I have a Victrola VV-IX (I think, or it could be a VV-VIII, but it's located about 80 miles from where I am right now, so I can't go and check.) I bought this little tabletop machine when I was 14 or 15 years old, for the princely sum of $15. The cabinet doesn't look terribly beautiful, but it does look old, and the machine has always played reasonably well. It broke a spring once, and I replaced that, but otherwise I've never really done anything to it but play it, fairly sporadically over the past 10 years. My interest has been rekindled recently, thanks to boards like this one, so I've played the machine a bit more regularly these past couple of months, when I'm in the same location as the machine (which is stored at my second home, and I'm not there most of the time.)
Anyway, last weekend I moved the machine across the living room, and I heard the tone arm move under the closed lid, and it hit the side; not real hard, but enough to know that it happened. When I lifted the lid, the sound box and the swivel portion of the tone arm it mounts on were slanted.
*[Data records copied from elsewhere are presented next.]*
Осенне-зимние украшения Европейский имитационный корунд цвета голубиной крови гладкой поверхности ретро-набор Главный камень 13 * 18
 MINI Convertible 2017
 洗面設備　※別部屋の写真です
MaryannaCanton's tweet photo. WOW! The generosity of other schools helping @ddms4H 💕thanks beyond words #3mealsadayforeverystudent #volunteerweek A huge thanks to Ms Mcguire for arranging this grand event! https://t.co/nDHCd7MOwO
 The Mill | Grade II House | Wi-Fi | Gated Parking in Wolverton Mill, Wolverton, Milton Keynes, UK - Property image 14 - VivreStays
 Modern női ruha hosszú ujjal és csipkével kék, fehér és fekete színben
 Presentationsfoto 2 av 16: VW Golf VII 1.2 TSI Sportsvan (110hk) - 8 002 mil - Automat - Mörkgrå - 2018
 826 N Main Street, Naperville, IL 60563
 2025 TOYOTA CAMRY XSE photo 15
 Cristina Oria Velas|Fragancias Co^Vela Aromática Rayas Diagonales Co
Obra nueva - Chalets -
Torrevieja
When I attempted to gently move them back into proper position, the swivel came apart from the taper tube.

Since it was now loose in my hand, I took a closer look at the sound box than I ever have before. All these 35 (or so) years I have been assuming that this machine was all original. The sound box is painted black on the side opposite the needle clamp, and between the black color, the way it fit with the swivel arm-end and the generally dim light under the phono's lid, I had never been able to read the writing on it.
Well, now I can see what it says, and it doesn't say anything about Victor Talking Machine Co. Here's what it does say:

THE ORO-TONE CO. CHICAGO U.S.A.

It appears to be in basically good condition; no cracks or scars beyond normal wear & tear.
Thanks for any and all comments/observations/information.